To corroborate the HVRI phylogenetic tree, we examined allele sharing across the 10 orang-utan individuals by calculating identity by state (IBS) coefficients (i.e., the proportion of times a given pair of individuals have the same genotype across SNPs) among all pairs of individuals for autosomal genomic regions and for the whole mtDNA region, separately (Figure 1B). With the exception of the Sumatran individual KB9258, we find that for both populations, the estimated level of allele sharing is consistent with the population assignments as identified by the PCA analysis (Figure S1 in File S1), which suggests that the majority of genetic variation is found within (and not among) populations. Moreover, the Bornean population has higher IBS autosomal and mtDNA coefficients than the Sumatran population, which is consistent with the higher level of nucleotide diversity observed in Sumatran orang-utans [22] and a larger inferred effective population size.
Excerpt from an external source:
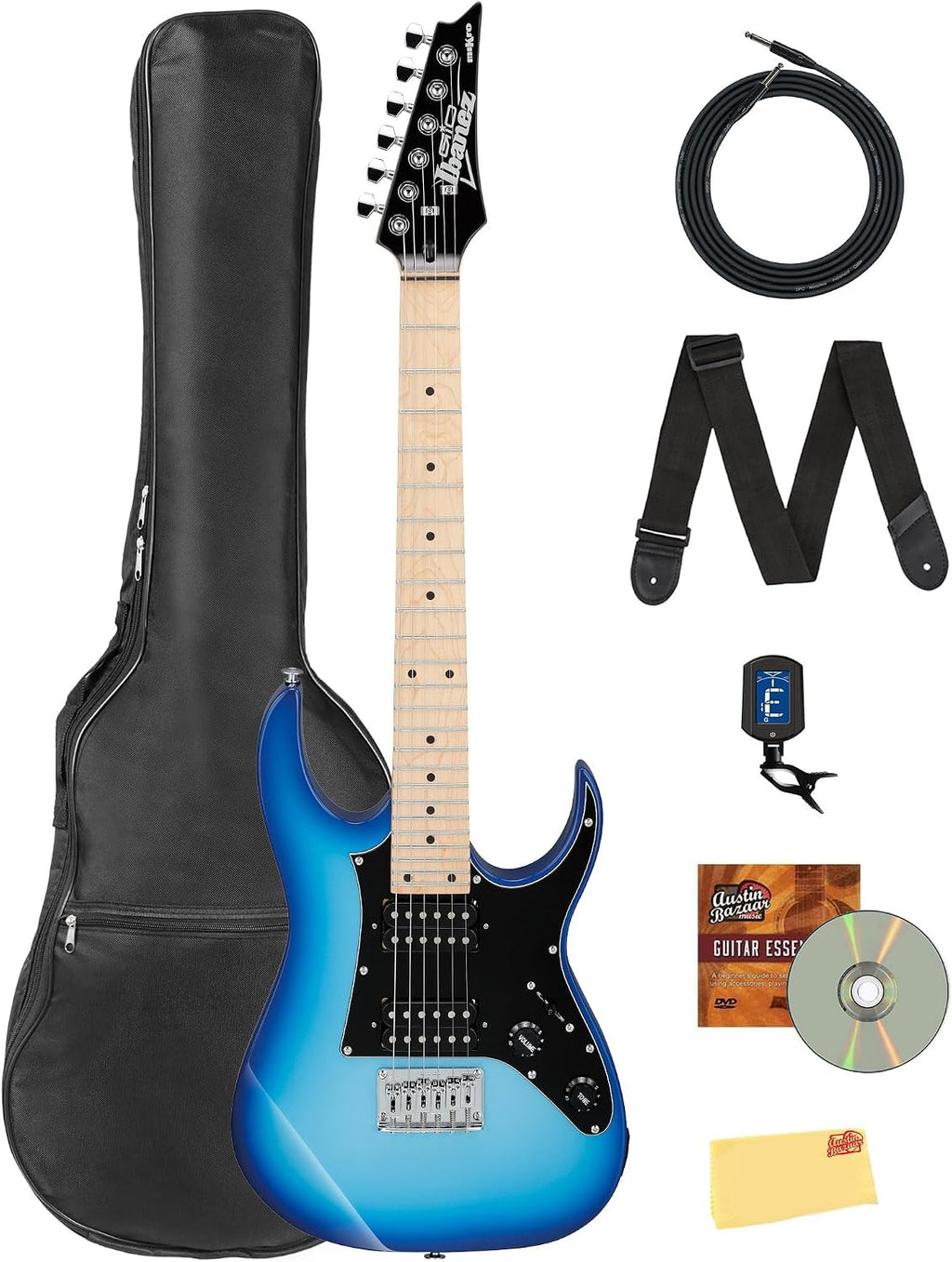 Ibanez GRGM21M RG Gio miKro Short-Scale Electric Guitar - Blue Burst Bundle with Gig Bag, Tuner, Instrument Cable, Picks, Austin Bazaar Instructional DVD, and Polishing Cloth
The IBS coefficients imply that the outlier Sumatran individual (KB9258) has more autosomal allele sharing with other Sumatran individuals but more mtDNA allele sharing with the Bornean population. This result differs from the phylogeny estimated from the HVRI of the mitochondria (Figure 1A) where KB9258 is grouped with the other Sumatran individuals via a long branch with relatively low support.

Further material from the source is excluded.